But taken in its entirety, 2007 was a solid performance year for the company and we advanced our growth plans across the corporation. For 2008, we expect substantial growth in our oil and gas production volumes, the sanction of at least two major upstream developments, further progress on the large refinery projects at Garyville and Detroit, and a full year of operations both in EG LNG and in our Oil Sands business.
These significant growth plans were incorporated in the $8 billion capital and exploratory expense budget we announced yesterday. I'd like to ask Janet Clark to provide you a comparison of that budget to the guidance we gave in November of 2006 of $5.2 billion.
Janet F. Clark - Executive Vice President and Chief Financial Officer
Most of the $2.8 billion increase represents new investment opportunities rather than the cost inflation. In fact, the majority is related to currently new projects.
Our Canadian Oil Sands asset, we’ll be investing $900 million in 2008. The Detroit Heavy Oil Upgrade project, which our Board sanctioned last year, we’ll have a about a $700 million increase.
As you know, we are the successful bidder in the Gulf of Mexico lease sale in last fall. About a $155 million will be awarded… we expect to be awarded in 2008 and will be part of our 2008 capital budget.
I am sure you are aware of the significant Droshky discovery that we made last year. We have got about $250 million of development capital in the budget for that project.
In addition, we have accelerated the spending on the Garyville major expansion project by about $200 million in 2008. I would point out that we are still on track for the $3.2 billion overall project.
In addition, we have about a $100 million of incremental capital in 2008 for midstream infrastructure to support our refining operations. We have got an incremental $125 million for Angola appraisal and development.
So there remains about $300 million for increased spending in some smaller E&P projects and some cost escalation. In addition, because of the higher level of activity, our capitalized interest would be up about $120 million for the year.
Clarence P. Cazalot, Jr. - President and Chief Executive Officer
Thank you, Janet. I would simply point out that… you'll note that in these increases we have both the new projects we didn't have in the plan in November of '06 as well as the fact that these are… several of these investments are in very long life projects such as the refinery projects and in Oil Sands.
And I think in light of that higher level of spending it will be appropriate for Janet to comment on the financial flexibility and wherewithal that we have to carry this out.
Janet F. Clark - Executive Vice President and Chief Financial Officer
As we have always talked about, our financial philosophy is to remain very disciplined and maintain financial flexibility.
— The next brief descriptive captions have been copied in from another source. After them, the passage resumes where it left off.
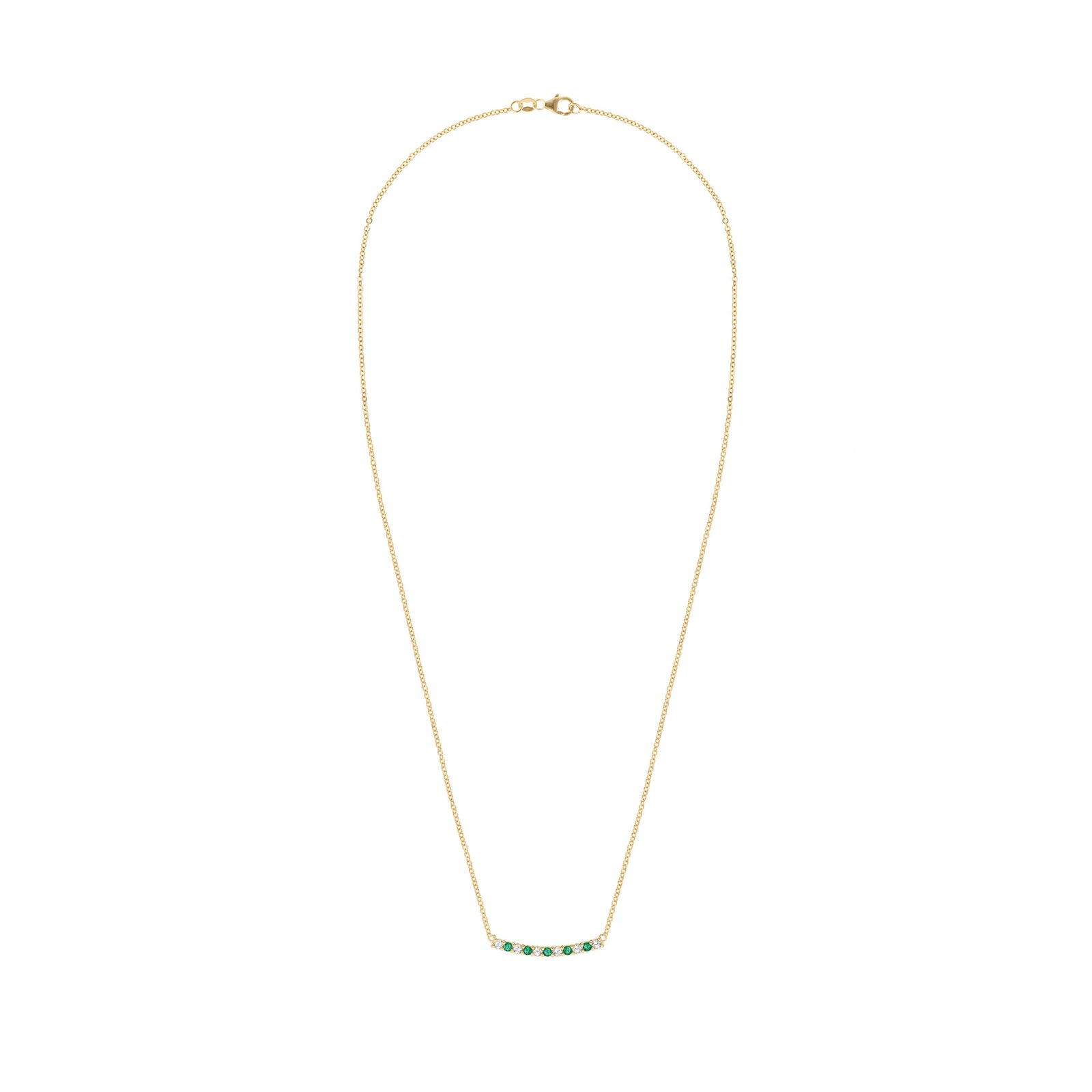 Rosecliff bar necklace with eleven alternating 2 mm faceted round cut emeralds and diamonds prong set in 14k yellow gold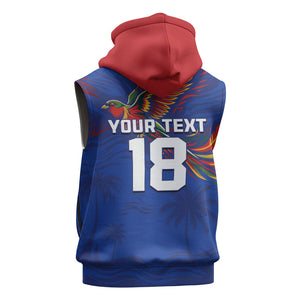 Haiti Heritage Football 2026 Custom Sleeveless Zip Hoodie Hispaniolan Trogon Bird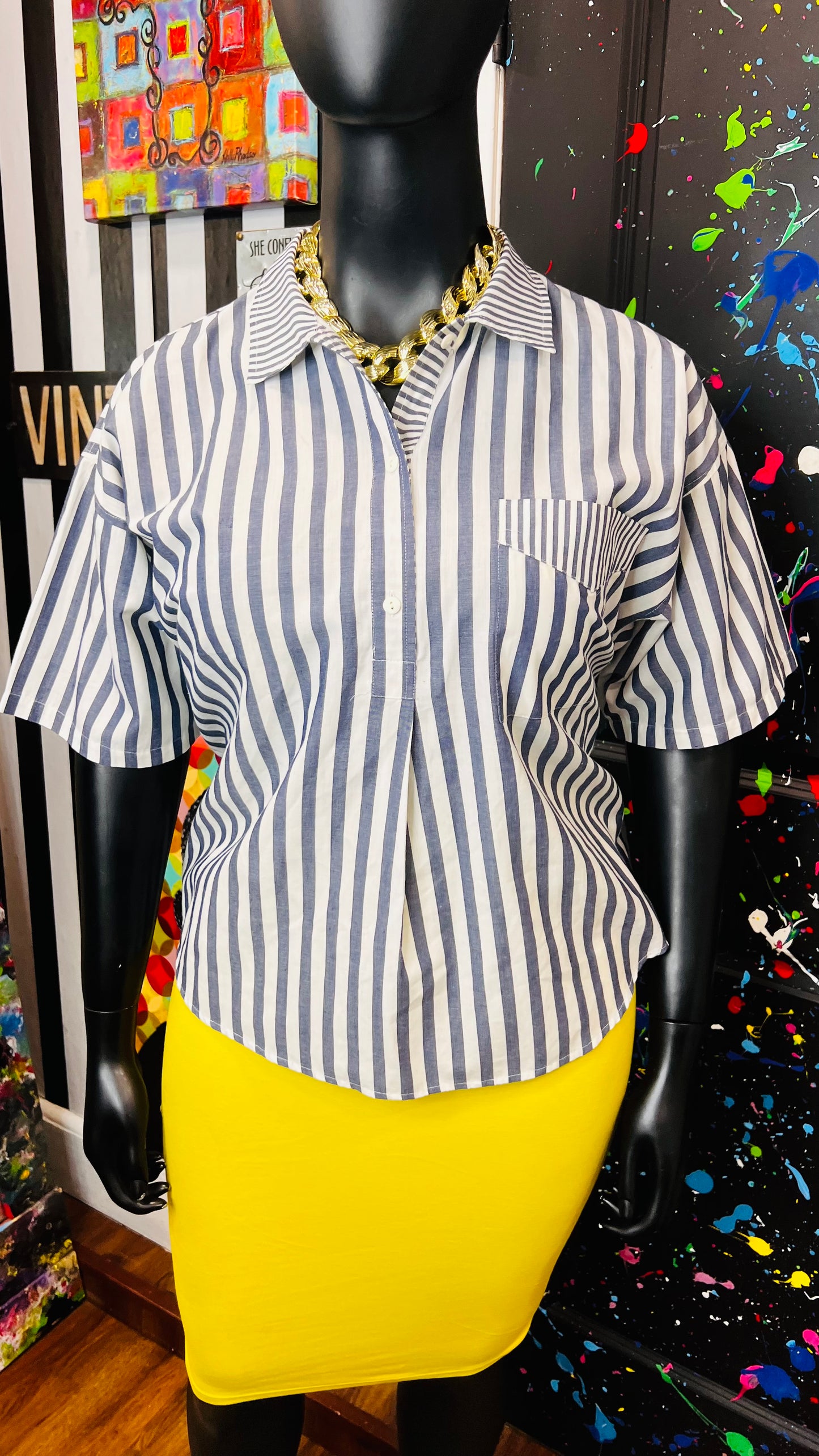 Vintage Mixed Striped Blouse (16)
We have commenced the review of our portfolio of assets with the intent of monetizing those assets, which are either mature or otherwise non-strategic in order to redeploy our capital from those assets into the growth projects that I just mentioned.
We are in the early stage of this exercise. So I would say that any proceeds from these sales… or the potential sales would be weighted towards the second half of the year.
Howard J. Thill - Vice President, Investor Relations and Public Affairs
Thanks, Clarence. Thanks, Janet.
Before I open the call up to questions, I'd like to remind everyone that to accommodate all the questions, we would ask you to limit yourself to one question plus a follow-up. You're welcome re-prompt for additional questions as time permits.
For the benefit of all of the listeners, we ask you to identify yourself and your affiliation. And with that Allan, if you would open up to questions, we would appreciate it.
Question and Answer
Operator
Thank you. [Operator Instructions].
We will begin with Robert Kessler from Simmons & Company.
Robert Kessler - Simmons & Company
Good afternoon, a question with respect to your CapEx program, $8 billion is quite a healthy number and I do appreciate that you plan on divesting some assets later in the year to help meet that organic funding requirement. But can you speak to the ability to meet in the mean time the CapEx funding in the early part of the year with cash flows from operations, and to what extent you might look to debt level grow a little bit throughout the course of the year and also, whether or not you might pull back a bit of buy backs until you saw some assets?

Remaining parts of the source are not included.